Juru bicara Mahkamah Konstitusi, Fajar Laksono, menerangkan fraksi atau partai tak memiliki legal standing untuk mengajukan uji materil ke MK karena mereka pembentuk undang-undang tersebut.
"Dulu MK pernah memutuskan partai yang terlibat dalam pembentukan undang-undang tidak punya legal standing saat mengajukan pengujian ke MK. Mereka bagian dari pembentuk undang-undang tersebut," terang Fajar di MK, Senin (24/7/2017).
"Pertarungan di DPR adalah pertarungan antarkepentingan politik. Ketika kepentingan politik itu kalah tidak serta merta pindah ke ranah yudikatif," tegas dia.
MK mempersilakan pihak yang ingin mengajukan keberatan atas terbentuknya suatu undang-undang harus di luar lingkaran dari pembentuk undang-undang tersebut.
Pihak di luar pembentuk UU itu menurut Fajar bisa juga partai yang tidak memiliki kursi di DPR RI, dengan kata lain, tidak terlibat langsung dalam pembentukan undang-undang tersebut.
"Sejauh mereka bisa buktikan bahwa partai-partai di luar pembentuk undang-undang mendapatkan kerugian konstitusional dengan terbentuknya undang-undang tersebut. Dan yang jelas pengujian tetap harus di MK," terang Fajar.
Siang tadi Habiburokhman mewakili Advokat Cinta Tanah Air (ACTA) sepakat meminta permohonan uji materiil terhadap UU Pemilu 2017, terutama Pasal 222 yang mengatur ambang batas pemilihan presiden.

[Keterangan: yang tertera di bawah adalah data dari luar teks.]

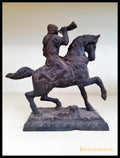 Конник - желязо - antique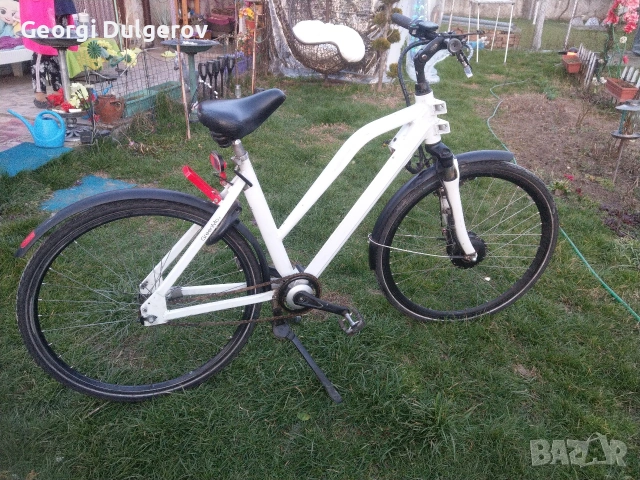 Електрически велосипед без батерия.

Sebagai informasi, Habiburokhman juga tercatat sebagai Kepala Bidang Advokasi DPP Partai Gerindra. Ia membantah ACTA melayakangkan uji materil atas arahan Gerindra.
Gerindra, bersama Demokrat, PAN dan PKS, menolak pengesahan Undang-Undang Pemilu hasil rapat paripurna di DPR pada Jumat (21/7/2017).
Keempat partai ini menolak usulan pemerintah yang menetapkan ambang batas pemilihan presiden 20 persen kursi DPR atau 25 persen suara sah nasional di pemilu sebelumnya.